> PROBLEM DETAILS
Give back exactly the lines of the material below that start at the line containing "SAFEMALL - Sữa" and end at the line containing "Pão Caseiro Macio: Receita", and no others.

> DATA TO USE
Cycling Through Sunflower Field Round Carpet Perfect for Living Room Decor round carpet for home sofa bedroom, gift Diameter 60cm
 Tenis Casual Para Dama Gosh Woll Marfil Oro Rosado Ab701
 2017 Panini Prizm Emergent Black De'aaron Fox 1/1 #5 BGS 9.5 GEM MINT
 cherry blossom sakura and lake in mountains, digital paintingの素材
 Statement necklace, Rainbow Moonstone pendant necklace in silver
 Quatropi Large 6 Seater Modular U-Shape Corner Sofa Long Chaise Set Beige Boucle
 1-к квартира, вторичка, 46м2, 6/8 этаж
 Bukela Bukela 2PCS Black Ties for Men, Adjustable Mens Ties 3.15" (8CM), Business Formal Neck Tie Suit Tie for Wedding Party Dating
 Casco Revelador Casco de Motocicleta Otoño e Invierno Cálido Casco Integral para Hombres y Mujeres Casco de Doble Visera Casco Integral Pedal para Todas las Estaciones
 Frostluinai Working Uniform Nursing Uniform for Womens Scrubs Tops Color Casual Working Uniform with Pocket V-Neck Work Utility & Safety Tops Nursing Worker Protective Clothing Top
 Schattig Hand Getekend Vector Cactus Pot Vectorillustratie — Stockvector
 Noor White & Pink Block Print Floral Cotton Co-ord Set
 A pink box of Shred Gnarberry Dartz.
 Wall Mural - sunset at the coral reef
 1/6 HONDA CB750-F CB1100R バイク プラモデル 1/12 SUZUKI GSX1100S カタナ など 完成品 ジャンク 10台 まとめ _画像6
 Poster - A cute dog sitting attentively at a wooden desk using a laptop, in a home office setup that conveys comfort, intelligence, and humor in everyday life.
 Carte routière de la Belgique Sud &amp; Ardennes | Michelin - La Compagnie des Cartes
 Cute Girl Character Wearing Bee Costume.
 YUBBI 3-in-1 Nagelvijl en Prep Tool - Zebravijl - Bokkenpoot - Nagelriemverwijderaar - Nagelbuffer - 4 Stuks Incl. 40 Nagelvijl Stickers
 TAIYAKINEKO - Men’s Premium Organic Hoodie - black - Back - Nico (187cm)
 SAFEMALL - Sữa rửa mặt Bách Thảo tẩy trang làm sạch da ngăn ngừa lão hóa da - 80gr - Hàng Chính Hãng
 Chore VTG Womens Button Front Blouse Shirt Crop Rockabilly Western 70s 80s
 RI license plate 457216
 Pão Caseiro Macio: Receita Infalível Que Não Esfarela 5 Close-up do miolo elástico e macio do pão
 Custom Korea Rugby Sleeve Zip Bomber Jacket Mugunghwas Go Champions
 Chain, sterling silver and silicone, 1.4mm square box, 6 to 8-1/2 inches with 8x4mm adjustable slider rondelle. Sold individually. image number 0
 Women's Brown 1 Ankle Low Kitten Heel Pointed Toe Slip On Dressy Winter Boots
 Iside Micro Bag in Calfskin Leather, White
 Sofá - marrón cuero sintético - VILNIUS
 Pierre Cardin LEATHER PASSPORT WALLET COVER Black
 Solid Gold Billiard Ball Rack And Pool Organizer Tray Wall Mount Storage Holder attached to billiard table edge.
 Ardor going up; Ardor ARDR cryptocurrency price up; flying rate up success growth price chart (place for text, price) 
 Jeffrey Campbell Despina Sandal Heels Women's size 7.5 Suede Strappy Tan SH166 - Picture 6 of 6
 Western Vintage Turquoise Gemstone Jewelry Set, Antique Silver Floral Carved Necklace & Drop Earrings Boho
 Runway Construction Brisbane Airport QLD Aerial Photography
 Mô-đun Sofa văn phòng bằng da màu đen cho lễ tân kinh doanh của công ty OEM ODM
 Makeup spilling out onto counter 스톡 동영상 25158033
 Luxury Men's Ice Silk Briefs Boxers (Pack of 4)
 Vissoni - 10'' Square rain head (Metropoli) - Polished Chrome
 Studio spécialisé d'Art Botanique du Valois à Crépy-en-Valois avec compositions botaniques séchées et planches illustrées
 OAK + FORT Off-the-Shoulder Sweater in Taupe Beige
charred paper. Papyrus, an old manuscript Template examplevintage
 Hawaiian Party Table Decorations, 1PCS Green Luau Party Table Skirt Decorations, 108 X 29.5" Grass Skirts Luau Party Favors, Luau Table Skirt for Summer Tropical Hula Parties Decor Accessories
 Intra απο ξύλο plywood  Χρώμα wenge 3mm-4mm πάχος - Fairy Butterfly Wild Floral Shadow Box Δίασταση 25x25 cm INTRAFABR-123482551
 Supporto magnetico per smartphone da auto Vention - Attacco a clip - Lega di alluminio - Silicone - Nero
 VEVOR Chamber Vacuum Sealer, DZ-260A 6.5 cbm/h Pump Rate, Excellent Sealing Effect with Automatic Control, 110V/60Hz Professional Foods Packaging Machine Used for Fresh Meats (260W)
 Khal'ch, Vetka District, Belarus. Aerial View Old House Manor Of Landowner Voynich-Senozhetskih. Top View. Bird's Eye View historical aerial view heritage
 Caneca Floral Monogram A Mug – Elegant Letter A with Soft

> EXERCISE RESPONSE
 SAFEMALL - Sữa rửa mặt Bách Thảo tẩy trang làm sạch da ngăn ngừa lão hóa da - 80gr - Hàng Chính Hãng
 Chore VTG Womens Button Front Blouse Shirt Crop Rockabilly Western 70s 80s
 RI license plate 457216
 Pão Caseiro Macio: Receita Infalível Que Não Esfarela 5 Close-up do miolo elástico e macio do pão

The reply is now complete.